Work instructions: Among the entries below, which lines run from the line with "Silver Black" through the line with "Sugar pine outfitters"? Retype those, both ends included, exactly and without pictures.

----- Material supplied -----

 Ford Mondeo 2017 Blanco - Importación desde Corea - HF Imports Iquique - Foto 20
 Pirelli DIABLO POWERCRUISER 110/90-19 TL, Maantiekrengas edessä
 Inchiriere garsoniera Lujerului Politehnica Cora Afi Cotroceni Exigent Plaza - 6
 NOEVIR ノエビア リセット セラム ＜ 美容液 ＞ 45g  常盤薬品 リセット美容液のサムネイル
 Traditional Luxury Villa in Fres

-----
----- Material supplied -----

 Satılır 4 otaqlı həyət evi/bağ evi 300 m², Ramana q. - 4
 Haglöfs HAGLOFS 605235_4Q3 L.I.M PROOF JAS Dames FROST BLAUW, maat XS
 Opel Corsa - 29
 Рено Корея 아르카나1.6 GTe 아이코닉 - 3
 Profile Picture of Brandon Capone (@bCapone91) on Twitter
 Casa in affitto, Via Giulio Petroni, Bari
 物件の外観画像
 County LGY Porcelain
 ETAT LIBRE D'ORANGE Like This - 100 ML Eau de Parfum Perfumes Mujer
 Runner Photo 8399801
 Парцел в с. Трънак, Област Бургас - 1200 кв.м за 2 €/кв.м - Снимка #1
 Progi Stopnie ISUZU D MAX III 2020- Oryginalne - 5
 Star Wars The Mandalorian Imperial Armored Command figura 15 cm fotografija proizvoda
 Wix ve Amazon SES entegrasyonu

-----
----- Material supplied -----

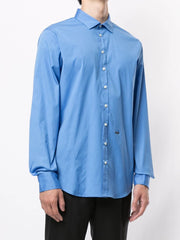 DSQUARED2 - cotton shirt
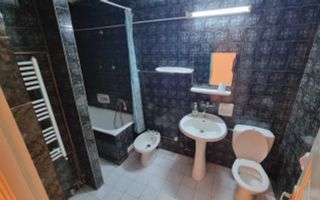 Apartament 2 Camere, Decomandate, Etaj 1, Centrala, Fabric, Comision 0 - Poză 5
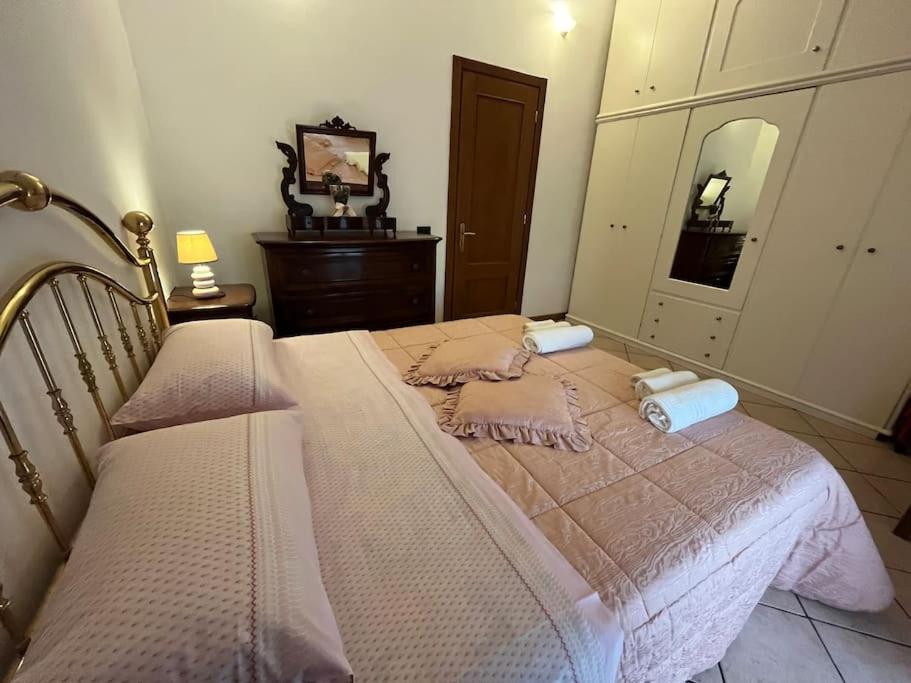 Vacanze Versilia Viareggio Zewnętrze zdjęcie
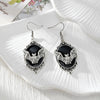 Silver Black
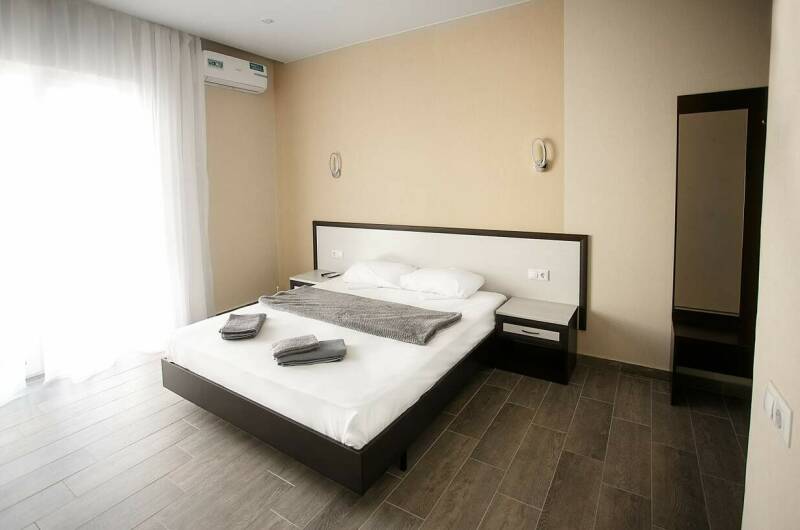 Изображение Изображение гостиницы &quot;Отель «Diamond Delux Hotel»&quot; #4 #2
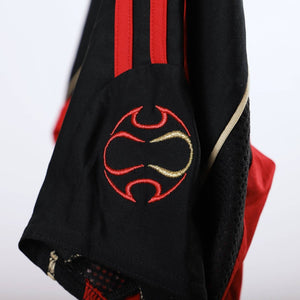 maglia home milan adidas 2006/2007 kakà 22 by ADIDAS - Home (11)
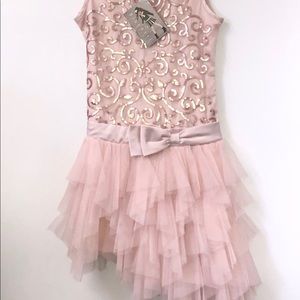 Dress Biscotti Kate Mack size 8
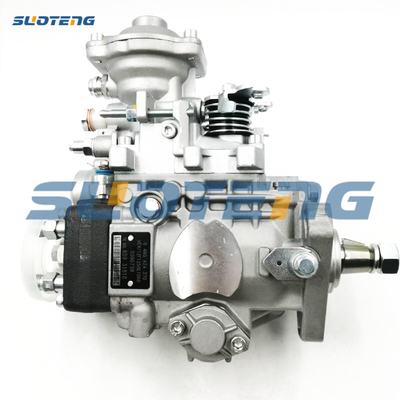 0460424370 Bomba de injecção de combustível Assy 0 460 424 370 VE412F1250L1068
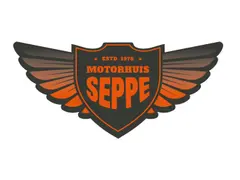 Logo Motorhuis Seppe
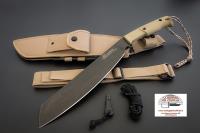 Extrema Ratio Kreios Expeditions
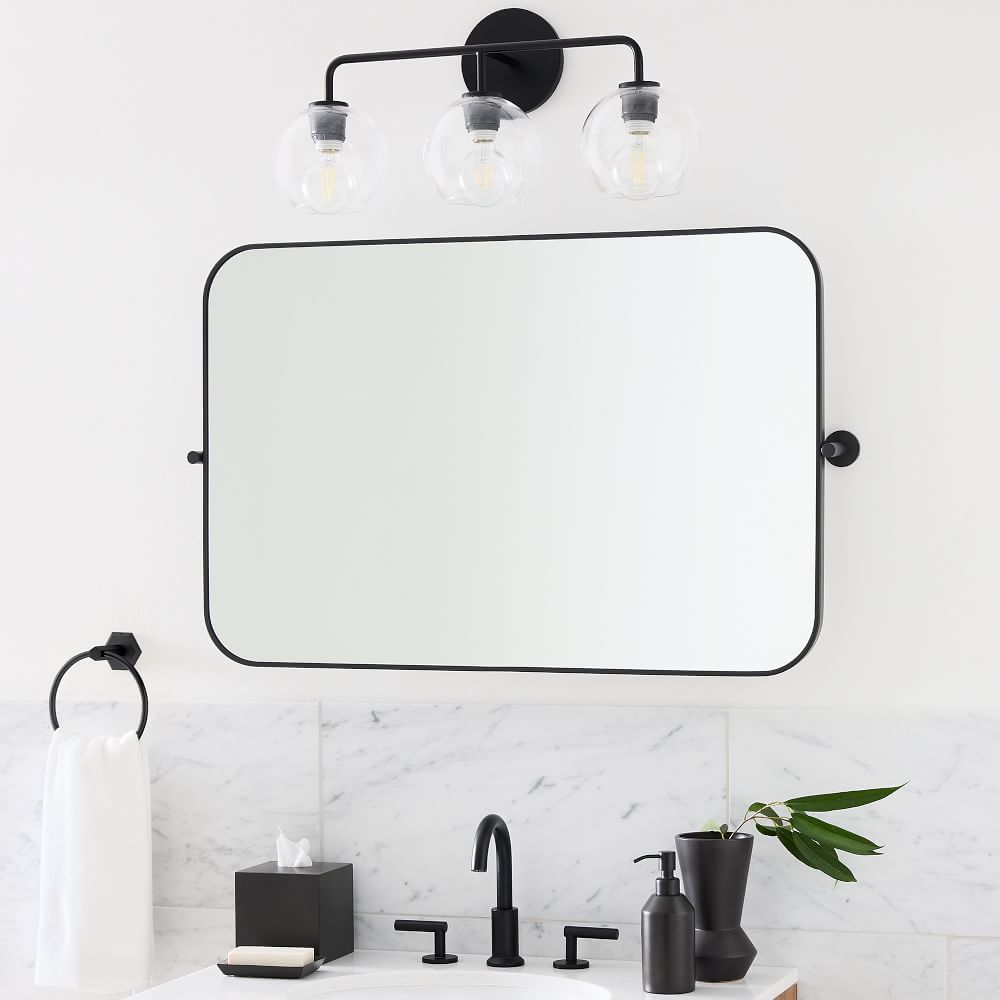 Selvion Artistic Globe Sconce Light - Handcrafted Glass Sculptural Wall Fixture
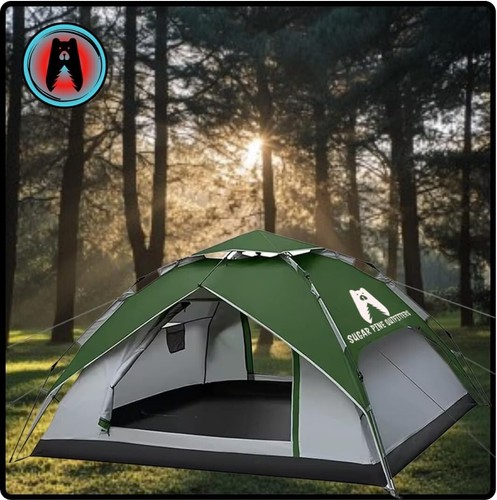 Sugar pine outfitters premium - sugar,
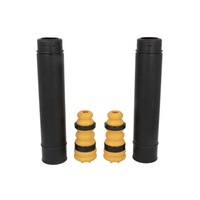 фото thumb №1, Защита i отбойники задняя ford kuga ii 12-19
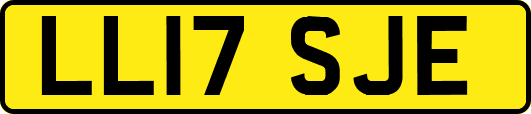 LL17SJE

-----

Solution for this exercise:
 Silver Black
 Изображение Изображение гостиницы &quot;Отель «Diamond Delux Hotel»&quot; #4 #2
 maglia home milan adidas 2006/2007 kakà 22 by ADIDAS - Home (11)
 Dress Biscotti Kate Mack size 8
 0460424370 Bomba de injecção de combustível Assy 0 460 424 370 VE412F1250L1068
 Logo Motorhuis Seppe
 Extrema Ratio Kreios Expeditions
 Selvion Artistic Globe Sconce Light - Handcrafted Glass Sculptural Wall Fixture
 Sugar pine outfitters premium - sugar,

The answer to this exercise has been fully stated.